> _DIRECTIONS FOR THIS TASK_: Would you return the listing that follows exactly, leaving its pictures behind?

** RECORD SET follows **

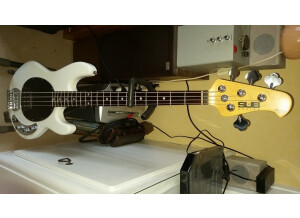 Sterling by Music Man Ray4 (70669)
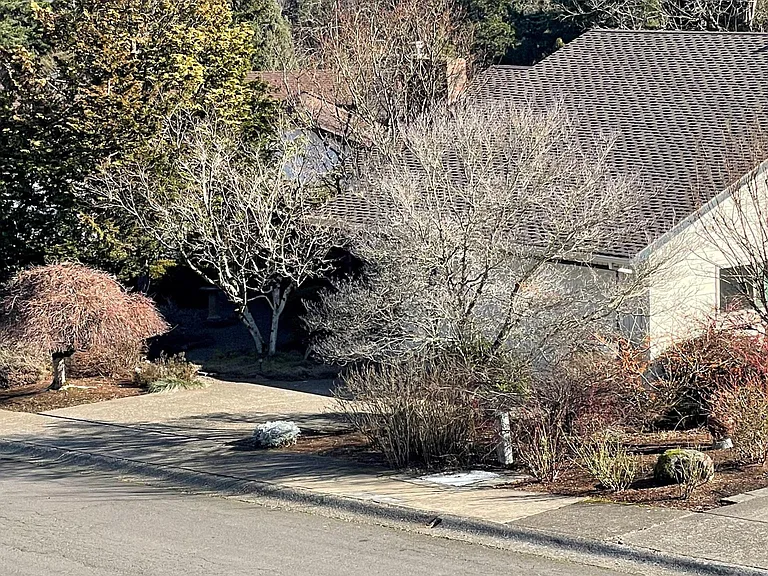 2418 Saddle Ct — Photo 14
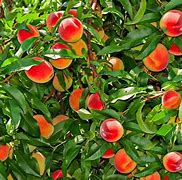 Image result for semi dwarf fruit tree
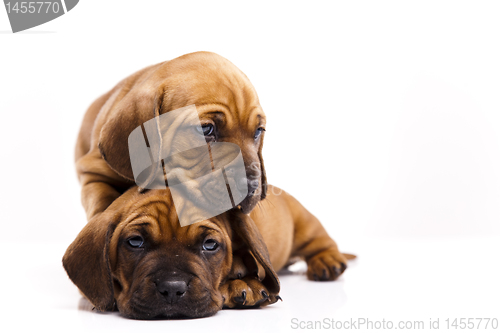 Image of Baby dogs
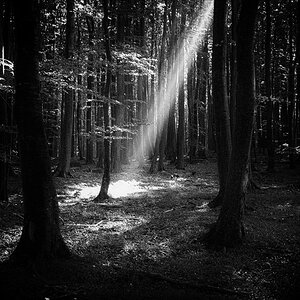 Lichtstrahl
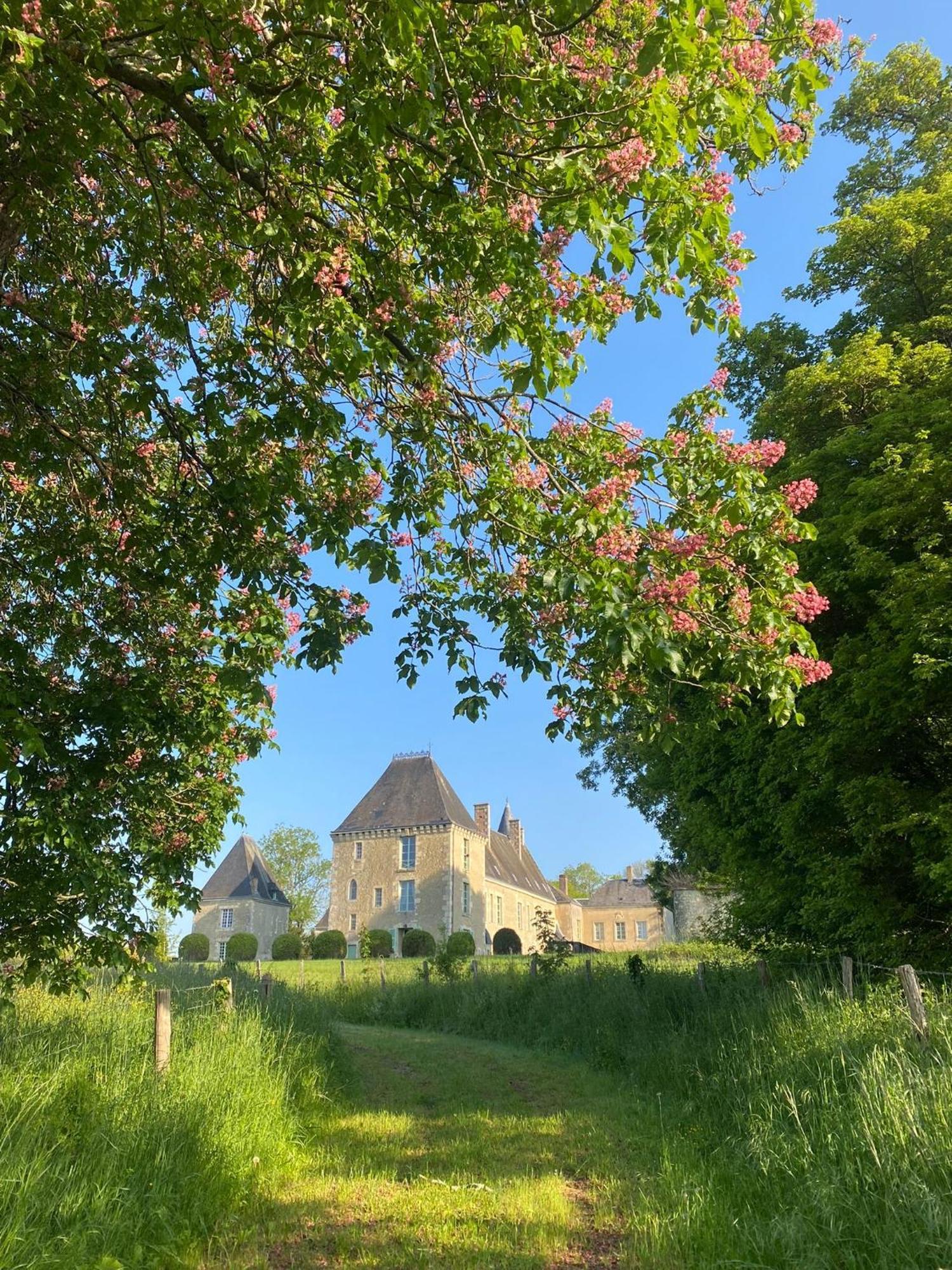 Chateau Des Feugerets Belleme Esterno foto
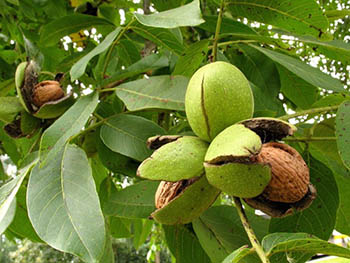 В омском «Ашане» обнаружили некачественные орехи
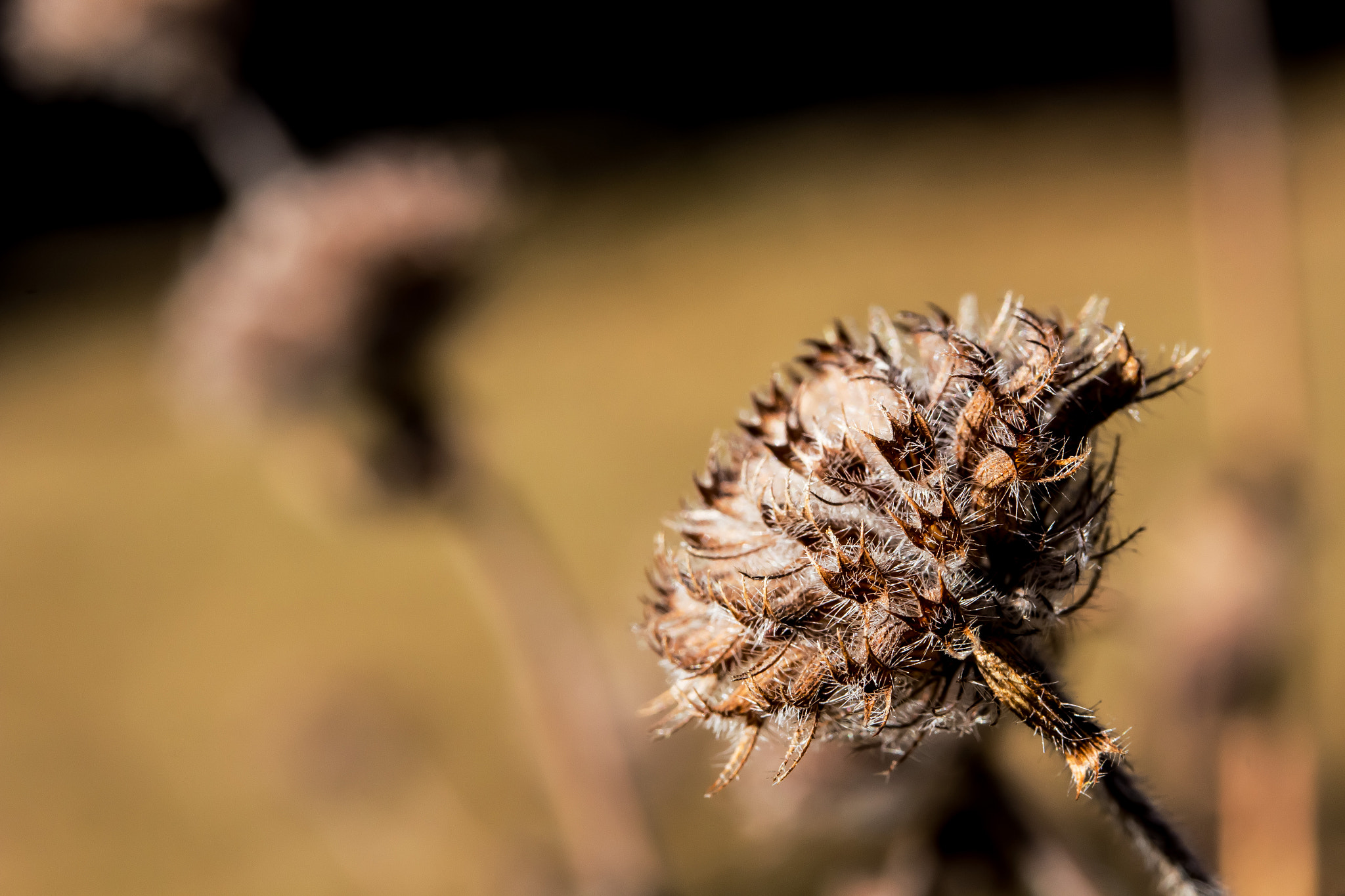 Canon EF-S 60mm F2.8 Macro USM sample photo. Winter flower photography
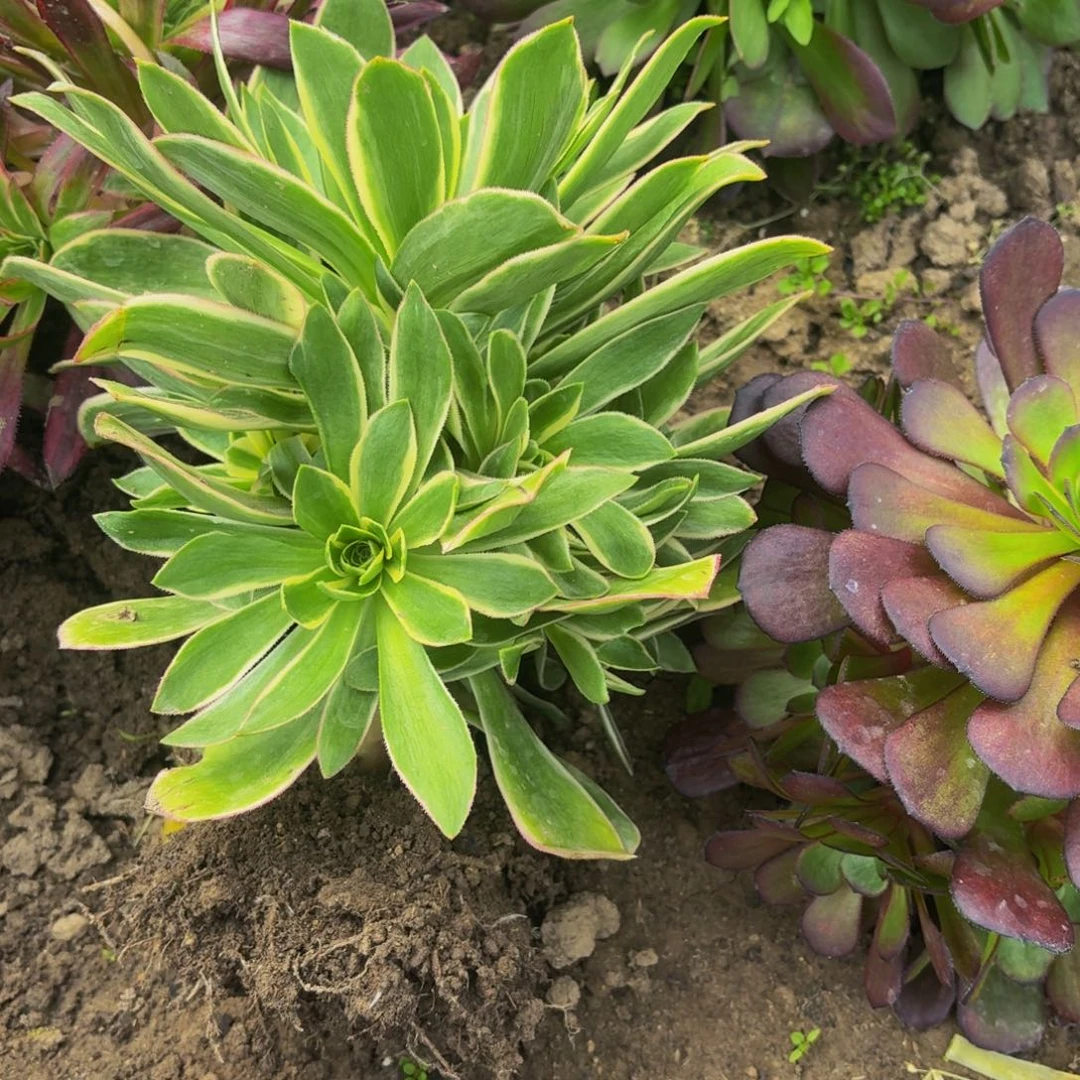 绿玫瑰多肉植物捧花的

** End of RECORD SET **

> _WRITTEN SOLUTION_:
 Sterling by Music Man Ray4 (70669)
 2418 Saddle Ct — Photo 14
 Image result for semi dwarf fruit tree
 Image of Baby dogs
 Lichtstrahl
 Chateau Des Feugerets Belleme Esterno foto
 В омском «Ашане» обнаружили некачественные орехи
 Canon EF-S 60mm F2.8 Macro USM sample photo. Winter flower photography
 绿玫瑰多肉植物捧花的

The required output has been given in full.